(Data supplied)
::::

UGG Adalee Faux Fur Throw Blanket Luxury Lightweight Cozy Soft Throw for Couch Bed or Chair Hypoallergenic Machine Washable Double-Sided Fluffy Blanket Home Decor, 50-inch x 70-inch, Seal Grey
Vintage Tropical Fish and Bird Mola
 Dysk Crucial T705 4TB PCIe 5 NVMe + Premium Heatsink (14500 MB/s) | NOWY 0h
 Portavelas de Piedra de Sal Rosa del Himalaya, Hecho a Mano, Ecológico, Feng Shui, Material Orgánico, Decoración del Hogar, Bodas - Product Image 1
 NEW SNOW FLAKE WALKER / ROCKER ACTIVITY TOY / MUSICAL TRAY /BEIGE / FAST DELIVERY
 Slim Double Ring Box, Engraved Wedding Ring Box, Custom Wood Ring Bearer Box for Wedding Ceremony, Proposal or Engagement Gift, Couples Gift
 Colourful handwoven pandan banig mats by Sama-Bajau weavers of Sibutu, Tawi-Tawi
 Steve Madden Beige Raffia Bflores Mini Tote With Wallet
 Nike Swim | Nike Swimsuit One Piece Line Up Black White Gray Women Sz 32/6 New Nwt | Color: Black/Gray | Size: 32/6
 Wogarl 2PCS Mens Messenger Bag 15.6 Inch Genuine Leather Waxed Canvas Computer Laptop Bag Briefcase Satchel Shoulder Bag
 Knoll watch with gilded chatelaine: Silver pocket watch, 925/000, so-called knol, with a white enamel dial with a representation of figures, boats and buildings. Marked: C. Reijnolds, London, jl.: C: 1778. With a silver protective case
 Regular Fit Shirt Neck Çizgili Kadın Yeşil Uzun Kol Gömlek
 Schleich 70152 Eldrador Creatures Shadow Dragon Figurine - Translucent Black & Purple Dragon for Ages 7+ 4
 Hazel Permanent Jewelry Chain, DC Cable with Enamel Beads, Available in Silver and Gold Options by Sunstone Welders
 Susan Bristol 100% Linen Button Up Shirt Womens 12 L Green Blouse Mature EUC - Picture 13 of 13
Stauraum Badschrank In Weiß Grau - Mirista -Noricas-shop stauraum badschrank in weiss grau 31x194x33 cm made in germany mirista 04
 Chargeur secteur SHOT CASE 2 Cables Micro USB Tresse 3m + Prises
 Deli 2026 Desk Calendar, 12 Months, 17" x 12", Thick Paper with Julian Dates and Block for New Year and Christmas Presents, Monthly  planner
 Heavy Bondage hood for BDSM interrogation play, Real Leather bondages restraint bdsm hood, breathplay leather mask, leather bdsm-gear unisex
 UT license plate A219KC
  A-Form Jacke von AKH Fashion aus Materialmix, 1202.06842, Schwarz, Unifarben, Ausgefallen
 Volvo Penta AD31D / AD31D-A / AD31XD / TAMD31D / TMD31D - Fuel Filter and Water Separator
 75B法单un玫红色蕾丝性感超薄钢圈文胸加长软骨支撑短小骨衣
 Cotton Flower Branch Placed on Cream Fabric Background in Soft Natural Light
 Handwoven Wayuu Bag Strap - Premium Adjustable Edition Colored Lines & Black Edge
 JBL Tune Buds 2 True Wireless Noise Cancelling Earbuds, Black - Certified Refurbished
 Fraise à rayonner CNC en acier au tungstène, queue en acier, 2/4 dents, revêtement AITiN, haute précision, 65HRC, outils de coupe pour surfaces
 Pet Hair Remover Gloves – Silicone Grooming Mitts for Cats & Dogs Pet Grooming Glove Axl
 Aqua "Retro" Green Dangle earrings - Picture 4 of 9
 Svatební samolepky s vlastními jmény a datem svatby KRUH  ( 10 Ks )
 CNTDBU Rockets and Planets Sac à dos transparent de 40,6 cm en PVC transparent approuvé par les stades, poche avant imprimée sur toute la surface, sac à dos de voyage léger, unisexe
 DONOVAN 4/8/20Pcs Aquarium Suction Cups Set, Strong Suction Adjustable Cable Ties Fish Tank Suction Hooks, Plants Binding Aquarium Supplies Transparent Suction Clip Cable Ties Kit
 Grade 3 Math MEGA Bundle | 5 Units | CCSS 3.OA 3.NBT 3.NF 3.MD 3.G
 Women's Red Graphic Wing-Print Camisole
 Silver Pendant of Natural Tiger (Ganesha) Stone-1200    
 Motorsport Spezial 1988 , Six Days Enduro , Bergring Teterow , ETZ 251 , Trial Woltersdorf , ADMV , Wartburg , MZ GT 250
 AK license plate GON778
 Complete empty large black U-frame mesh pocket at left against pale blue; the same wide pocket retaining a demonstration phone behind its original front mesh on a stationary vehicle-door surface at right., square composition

::::

(Assignment)
The exact lines from the one containing "A-Form Jacke von" through the end of the listing above are the expected output; include nothing else.

(Completed task)
  A-Form Jacke von AKH Fashion aus Materialmix, 1202.06842, Schwarz, Unifarben, Ausgefallen
 Volvo Penta AD31D / AD31D-A / AD31XD / TAMD31D / TMD31D - Fuel Filter and Water Separator
 75B法单un玫红色蕾丝性感超薄钢圈文胸加长软骨支撑短小骨衣
 Cotton Flower Branch Placed on Cream Fabric Background in Soft Natural Light
 Handwoven Wayuu Bag Strap - Premium Adjustable Edition Colored Lines & Black Edge
 JBL Tune Buds 2 True Wireless Noise Cancelling Earbuds, Black - Certified Refurbished
 Fraise à rayonner CNC en acier au tungstène, queue en acier, 2/4 dents, revêtement AITiN, haute précision, 65HRC, outils de coupe pour surfaces
 Pet Hair Remover Gloves – Silicone Grooming Mitts for Cats & Dogs Pet Grooming Glove Axl
 Aqua "Retro" Green Dangle earrings - Picture 4 of 9
 Svatební samolepky s vlastními jmény a datem svatby KRUH  ( 10 Ks )
 CNTDBU Rockets and Planets Sac à dos transparent de 40,6 cm en PVC transparent approuvé par les stades, poche avant imprimée sur toute la surface, sac à dos de voyage léger, unisexe
 DONOVAN 4/8/20Pcs Aquarium Suction Cups Set, Strong Suction Adjustable Cable Ties Fish Tank Suction Hooks, Plants Binding Aquarium Supplies Transparent Suction Clip Cable Ties Kit
 Grade 3 Math MEGA Bundle | 5 Units | CCSS 3.OA 3.NBT 3.NF 3.MD 3.G
 Women's Red Graphic Wing-Print Camisole
 Silver Pendant of Natural Tiger (Ganesha) Stone-1200    
 Motorsport Spezial 1988 , Six Days Enduro , Bergring Teterow , ETZ 251 , Trial Woltersdorf , ADMV , Wartburg , MZ GT 250
 AK license plate GON778
 Complete empty large black U-frame mesh pocket at left against pale blue; the same wide pocket retaining a demonstration phone behind its original front mesh on a stationary vehicle-door surface at right., square composition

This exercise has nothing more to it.